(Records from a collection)
------------------------

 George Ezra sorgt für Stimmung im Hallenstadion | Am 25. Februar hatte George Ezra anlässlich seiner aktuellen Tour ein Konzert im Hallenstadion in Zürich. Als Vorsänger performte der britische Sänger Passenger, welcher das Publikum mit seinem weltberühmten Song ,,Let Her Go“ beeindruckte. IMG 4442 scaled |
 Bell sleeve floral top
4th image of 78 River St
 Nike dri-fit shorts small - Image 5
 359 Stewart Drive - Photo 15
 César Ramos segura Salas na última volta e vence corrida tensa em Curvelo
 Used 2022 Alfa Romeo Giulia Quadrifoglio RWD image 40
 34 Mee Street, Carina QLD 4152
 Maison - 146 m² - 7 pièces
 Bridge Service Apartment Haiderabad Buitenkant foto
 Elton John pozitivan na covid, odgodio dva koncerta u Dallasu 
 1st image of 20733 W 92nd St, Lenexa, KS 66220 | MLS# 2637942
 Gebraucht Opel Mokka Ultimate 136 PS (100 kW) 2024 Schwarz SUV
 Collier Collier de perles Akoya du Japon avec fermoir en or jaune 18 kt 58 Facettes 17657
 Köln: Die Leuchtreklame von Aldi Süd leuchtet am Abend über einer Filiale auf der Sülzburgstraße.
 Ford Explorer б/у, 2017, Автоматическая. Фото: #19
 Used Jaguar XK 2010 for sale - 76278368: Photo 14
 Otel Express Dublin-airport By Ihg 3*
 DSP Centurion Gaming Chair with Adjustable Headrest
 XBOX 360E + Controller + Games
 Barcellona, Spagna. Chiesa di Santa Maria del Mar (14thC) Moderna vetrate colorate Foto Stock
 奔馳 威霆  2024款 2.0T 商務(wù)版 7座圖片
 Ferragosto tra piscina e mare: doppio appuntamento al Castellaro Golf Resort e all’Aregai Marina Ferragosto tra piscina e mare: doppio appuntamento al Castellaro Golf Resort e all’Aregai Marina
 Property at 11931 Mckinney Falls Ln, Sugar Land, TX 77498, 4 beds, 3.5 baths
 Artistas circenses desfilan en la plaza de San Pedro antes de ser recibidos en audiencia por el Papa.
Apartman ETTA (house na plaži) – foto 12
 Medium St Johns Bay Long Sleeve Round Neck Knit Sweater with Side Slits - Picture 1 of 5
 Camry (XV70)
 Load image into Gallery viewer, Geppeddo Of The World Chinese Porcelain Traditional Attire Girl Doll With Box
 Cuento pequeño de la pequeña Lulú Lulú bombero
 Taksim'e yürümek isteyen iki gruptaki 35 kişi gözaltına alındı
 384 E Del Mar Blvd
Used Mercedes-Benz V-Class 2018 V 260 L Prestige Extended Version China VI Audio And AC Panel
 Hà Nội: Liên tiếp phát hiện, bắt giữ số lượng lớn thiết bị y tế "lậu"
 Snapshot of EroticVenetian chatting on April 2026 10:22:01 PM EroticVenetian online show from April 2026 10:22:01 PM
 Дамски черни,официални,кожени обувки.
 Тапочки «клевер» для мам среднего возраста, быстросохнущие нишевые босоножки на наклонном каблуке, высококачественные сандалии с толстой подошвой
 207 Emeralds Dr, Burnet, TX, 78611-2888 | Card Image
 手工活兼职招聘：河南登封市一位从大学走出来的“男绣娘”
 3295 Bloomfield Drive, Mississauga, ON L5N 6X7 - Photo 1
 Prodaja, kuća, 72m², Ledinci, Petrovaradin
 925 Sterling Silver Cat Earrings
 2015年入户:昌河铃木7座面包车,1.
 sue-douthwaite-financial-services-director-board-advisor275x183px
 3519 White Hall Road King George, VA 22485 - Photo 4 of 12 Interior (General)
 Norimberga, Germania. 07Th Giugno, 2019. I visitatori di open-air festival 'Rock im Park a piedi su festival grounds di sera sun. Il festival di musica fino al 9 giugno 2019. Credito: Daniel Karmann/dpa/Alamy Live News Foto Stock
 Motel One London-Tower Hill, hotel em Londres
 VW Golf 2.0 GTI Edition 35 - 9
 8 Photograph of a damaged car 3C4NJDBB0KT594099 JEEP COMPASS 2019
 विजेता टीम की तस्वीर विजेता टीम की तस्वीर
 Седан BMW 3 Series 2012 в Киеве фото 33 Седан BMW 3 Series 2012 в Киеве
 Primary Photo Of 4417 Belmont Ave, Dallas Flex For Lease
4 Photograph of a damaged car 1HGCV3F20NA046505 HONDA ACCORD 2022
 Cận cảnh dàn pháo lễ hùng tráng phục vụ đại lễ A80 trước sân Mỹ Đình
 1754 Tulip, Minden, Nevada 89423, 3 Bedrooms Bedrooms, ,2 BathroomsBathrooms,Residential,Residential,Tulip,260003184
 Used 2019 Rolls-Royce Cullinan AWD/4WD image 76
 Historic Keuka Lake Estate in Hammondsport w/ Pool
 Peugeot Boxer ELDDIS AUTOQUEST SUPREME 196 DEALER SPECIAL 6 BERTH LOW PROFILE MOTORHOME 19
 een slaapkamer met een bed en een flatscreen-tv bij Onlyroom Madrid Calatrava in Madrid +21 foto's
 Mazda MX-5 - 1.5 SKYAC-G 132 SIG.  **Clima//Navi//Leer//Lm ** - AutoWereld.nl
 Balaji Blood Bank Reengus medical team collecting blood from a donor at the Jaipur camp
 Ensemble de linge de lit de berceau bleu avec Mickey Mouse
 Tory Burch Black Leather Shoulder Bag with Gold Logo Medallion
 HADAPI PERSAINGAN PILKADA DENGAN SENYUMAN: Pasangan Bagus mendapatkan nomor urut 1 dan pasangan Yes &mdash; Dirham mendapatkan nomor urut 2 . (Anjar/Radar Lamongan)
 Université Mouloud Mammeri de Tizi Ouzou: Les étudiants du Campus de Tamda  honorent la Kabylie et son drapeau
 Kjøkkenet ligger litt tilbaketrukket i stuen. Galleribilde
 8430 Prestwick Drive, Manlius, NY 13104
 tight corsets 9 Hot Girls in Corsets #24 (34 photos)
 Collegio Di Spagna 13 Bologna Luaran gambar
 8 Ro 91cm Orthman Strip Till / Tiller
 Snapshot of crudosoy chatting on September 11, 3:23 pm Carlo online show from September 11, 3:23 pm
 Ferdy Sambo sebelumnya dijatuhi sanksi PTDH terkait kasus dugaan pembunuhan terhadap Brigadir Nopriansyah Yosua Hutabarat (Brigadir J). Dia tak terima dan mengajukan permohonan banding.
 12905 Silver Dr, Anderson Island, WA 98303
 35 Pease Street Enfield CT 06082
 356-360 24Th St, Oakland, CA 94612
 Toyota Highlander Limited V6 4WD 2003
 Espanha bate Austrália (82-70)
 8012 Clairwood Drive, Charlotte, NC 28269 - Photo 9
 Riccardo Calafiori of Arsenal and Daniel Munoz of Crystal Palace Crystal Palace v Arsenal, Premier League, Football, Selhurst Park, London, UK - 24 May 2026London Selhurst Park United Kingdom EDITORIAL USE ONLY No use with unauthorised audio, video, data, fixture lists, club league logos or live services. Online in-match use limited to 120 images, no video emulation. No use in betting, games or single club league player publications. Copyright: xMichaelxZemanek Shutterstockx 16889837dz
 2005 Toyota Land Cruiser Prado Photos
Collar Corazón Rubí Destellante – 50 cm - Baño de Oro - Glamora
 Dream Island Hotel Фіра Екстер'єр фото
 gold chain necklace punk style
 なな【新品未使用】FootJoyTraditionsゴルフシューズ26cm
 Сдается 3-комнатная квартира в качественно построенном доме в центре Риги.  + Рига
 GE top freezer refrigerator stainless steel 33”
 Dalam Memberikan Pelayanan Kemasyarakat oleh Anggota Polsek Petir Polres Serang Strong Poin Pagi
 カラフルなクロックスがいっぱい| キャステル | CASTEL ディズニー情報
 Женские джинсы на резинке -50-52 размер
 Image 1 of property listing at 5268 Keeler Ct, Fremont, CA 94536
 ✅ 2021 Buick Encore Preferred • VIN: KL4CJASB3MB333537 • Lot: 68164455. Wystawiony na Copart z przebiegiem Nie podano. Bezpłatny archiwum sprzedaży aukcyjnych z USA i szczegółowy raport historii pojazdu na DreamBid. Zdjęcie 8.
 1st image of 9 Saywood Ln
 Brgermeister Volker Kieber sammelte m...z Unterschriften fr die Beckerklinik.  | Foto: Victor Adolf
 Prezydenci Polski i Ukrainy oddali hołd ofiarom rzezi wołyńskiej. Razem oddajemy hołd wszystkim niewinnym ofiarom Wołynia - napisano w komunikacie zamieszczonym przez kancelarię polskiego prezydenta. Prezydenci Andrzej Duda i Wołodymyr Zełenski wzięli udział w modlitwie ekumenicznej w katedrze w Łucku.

------------------------

WHAT YOU HAVE TO DO >>
Of the lines above, retype only those from the line containing "Collegio Di Spagna 13 Bologna Luaran gambar" through the line containing "Snapshot of crudosoy", including both, exactly.

OUTPUT FOR THIS TASK >>
 Collegio Di Spagna 13 Bologna Luaran gambar
 8 Ro 91cm Orthman Strip Till / Tiller
 Snapshot of crudosoy chatting on September 11, 3:23 pm Carlo online show from September 11, 3:23 pm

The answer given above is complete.